Our nominal guide throughout the movie is TV producer David Simon, a formers journalist who covered the War on Drugs and went on to create the fictional HBO series “The Wire,” which over several seasons explored the dangerous, complicated, exasperating labyrinth of drug use, drug peddling, and drug enforcement in his hometown of Baltimore.
(This was a TV show that during one season had a high-ranking police officer create a no-arrest zone in which drug dealers and users could conduct business in safety; the precipitous decline in street crime wasn’t enough to save the cop from a tidal wave of Calvinism-fueled moral outrage.)
Jarecki’s movie is practically encyclopedic. He talks to cops, addicts, prisoners, jurists, jail guards – even those who believe the War on Drugs is justified can’t argue that they’re accomplishing much.
But far more telling are the subjects who believe that it is less a war on drugs than on poor and black people, most of whom turn to drugs because they’ve got few other pleasures in their lives.

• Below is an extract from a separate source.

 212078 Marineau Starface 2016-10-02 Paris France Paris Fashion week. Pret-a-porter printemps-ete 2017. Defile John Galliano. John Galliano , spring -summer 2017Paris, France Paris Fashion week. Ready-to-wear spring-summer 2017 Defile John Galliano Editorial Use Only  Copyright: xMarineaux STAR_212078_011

There’s a bleeding-heart quality here, and surely Jarecki could have found someone who would wholeheartedly defend the system. The film feels one-sided.
But by the time “The House I Live In” ends (the title comes from a 1945 patriotic song about America), you’ll be convinced that the damage done by illegal drugs is nothing compared to the damage done by the system created to control illegal drugs.